___ LISTED ENTRIES

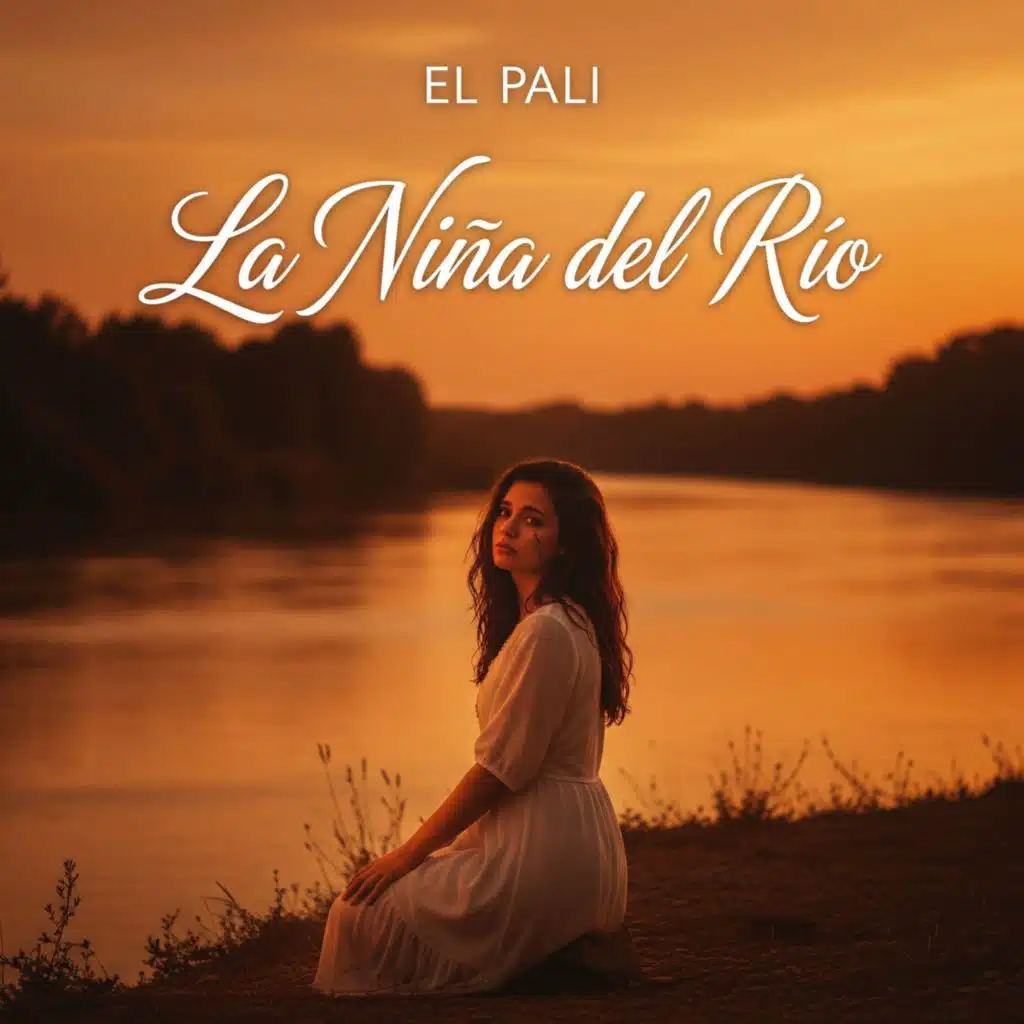 El Pali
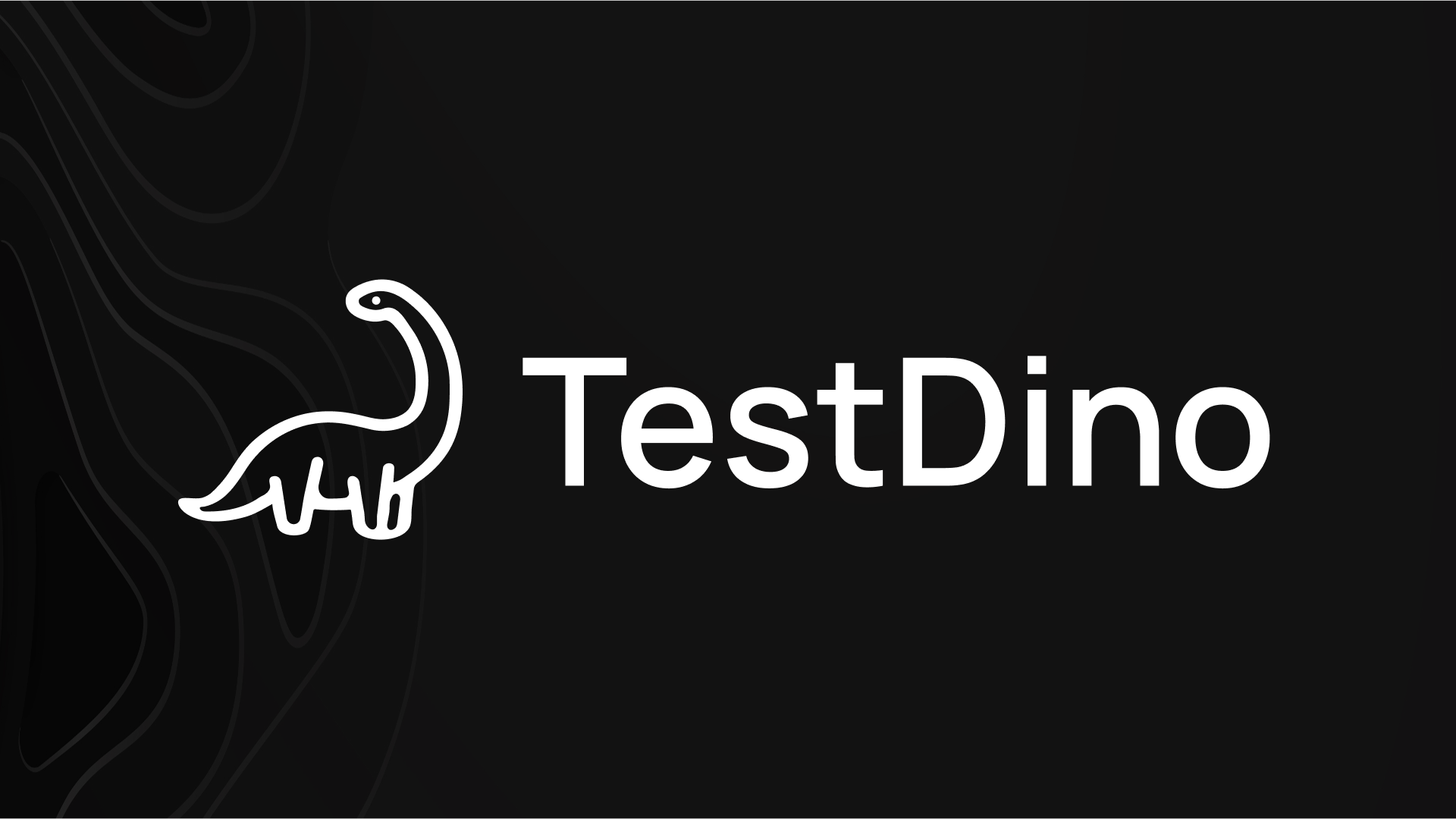 TestDino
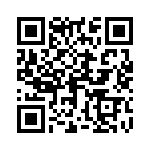 0760202006 QRCode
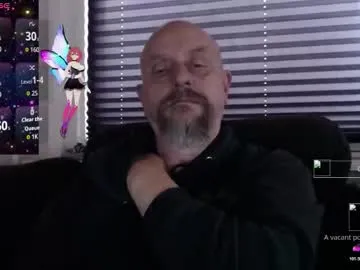 Offline hardmrlazy on Chaturbate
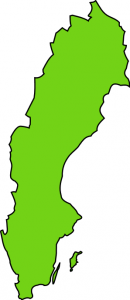 Sverige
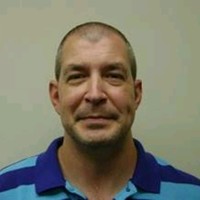 Michael Drake
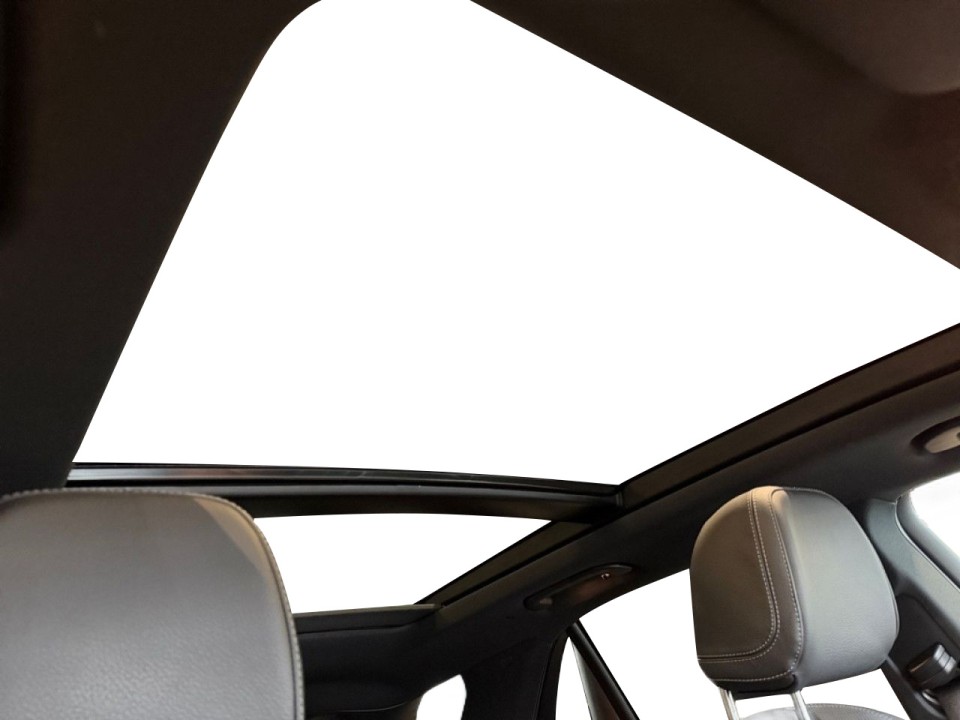 Mercedes-Benz GLE 400e 4MATIC - foto 14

______

Retype each entry above character for character; pictures stay out.

» TASK OUTPUT:
 El Pali
 TestDino
 0760202006 QRCode
 Offline hardmrlazy on Chaturbate
 Sverige
 Michael Drake
 Mercedes-Benz GLE 400e 4MATIC - foto 14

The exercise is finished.